Este trabalho não objetiva coligir dados acerca do valor probante dos documentos digitais em juízo. Contudo, faremos um breve comentário sobre o tema, tendo em vista estar ele intimamente vinculado ao conteúdo do mesmo.

No que concerne aos documentos eletrônicos, podem eles ser entendidos como representação material de uma dada manifestação do pensamento, fixada, contudo, em um suporte eletrônico. Em decorrência disto, fica dificultada uma interpretação ampliativa das normas processuais referentes aos documentos, posto que para elas, em sua maioria, documento é sinônimo obrigatório de escrito.

A validade e eficácia dos documentos eletrônicos como meio de prova em muito difere das dos documentos comuns, isto porque apresentam eles uma série de peculiaridades técnico-informáticas que lhe são próprias. Em sede de direito comparado, a saída encontrada foi a elaboração de normas específicas sobre o tema que atendessem àquelas peculiaridades. Nos Estados Unidos, p. ex., foi abandonada qualquer tentativa de utilização de processos interpretativos das normas vigentes, tendo vários estados elaborado legislação específica para a legitimação dos documentos eletrônicos.

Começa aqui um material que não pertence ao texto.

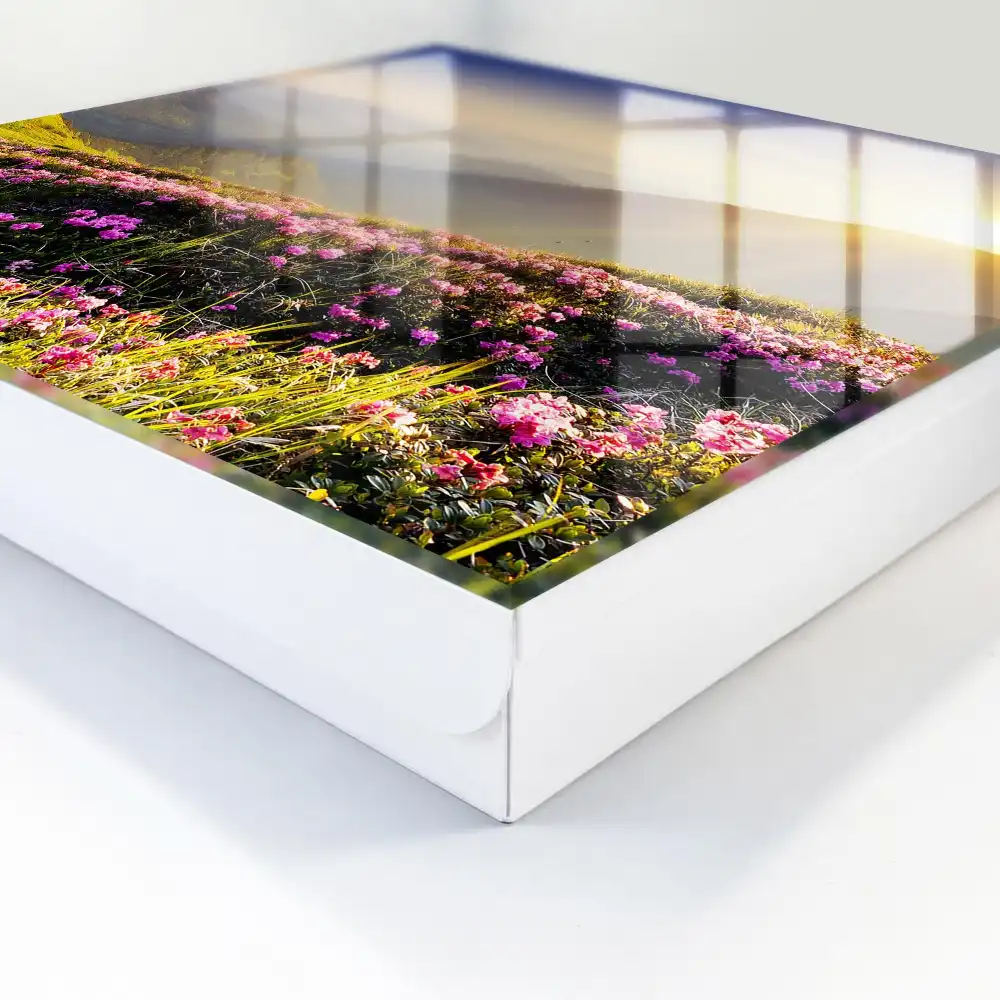 Boîte à clés montagnes et fleurs roses au lever du soleil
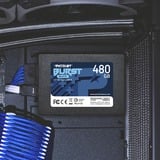 Patriot Burst Elite 480 GB, SSD schwarz, SATA 6 Gb/s, 2,5"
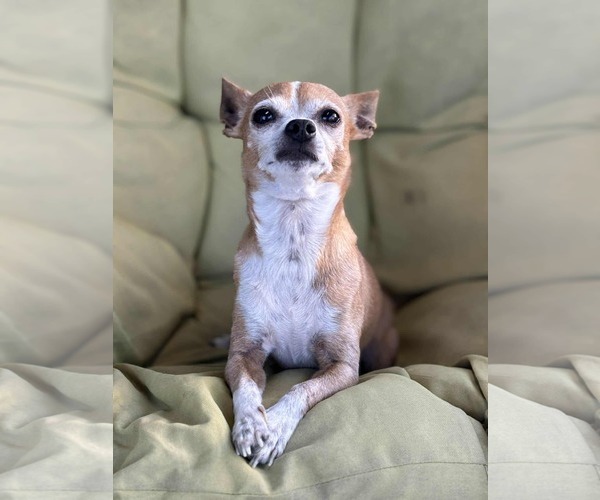 Medium Photo #2 Chipin Puppy For Sale in Princeton, MN, USA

Assim sendo, em nossa legislação, por faltarem normas específicas aplicáveis ao caso, os documentos eletrônicos podem ser admitidos como meio de prova com fundamento no art. 332, do CPC, que determina que "todos os meios legais, bem como os moralmente legítimos, ainda que não especificados neste Código, são hábeis para provar a verdade dos fatos, em que se funda a ação ou defesa".

Contudo, o meio eletrônico é extremamente volátil, de forma que se faz necessário garantir a integridade e a procedência de um documento antes de lhe atribuir qualquer valor probante. Como acima já foi dito, isto pode ser obtido através do emprego de um par de chaves, componentes do sistema assimétrico de encriptação de dados, fornecido este por uma Autoridade Certificante.

6. CONCLUSÃO

A Internet é uma realidade que não pode ser negada, como também não podem ser negadas as facilidades que vem trazendo ao cotidiano das pessoa comuns. Se incumbe ao Direito regular os negócios jurídicos de uma forma geral, com mais razão deverá ele tratar dos contratos levados a efeito via Internet, com todas as peculiaridades que os envolve.

Muito trabalho e estudo deverá ser levado a efeito tanto pela legislação e quanto pela doutrina, posto que nem sempre será possível a aplicação analógica das normas ora existentes às peculiaridades apresentadas pelos contratos eletrônicos.

As modernas tecnologias de proteção ao comércio eletrônico dão certa estabilidade e confiabilidades às transações ocorridas no meio eletrônico. Contudo, ao mesmo tempo que tais tecnologias são desenvolvidas, contra medidas são adotadas por aqueles interessados em se aproveitar de um meio tão efêmero e volátil para obter vantagens indevidas.

Àqueles que pretendem se utilizar do universo virtual nas suas transações comerciais deve ser garantido um mínimo de segurança nas relações jurídicas que vierem a criar, cabendo ao Direito acompanhar a evolução da genialidade humana a fim possibilitar tal garantia.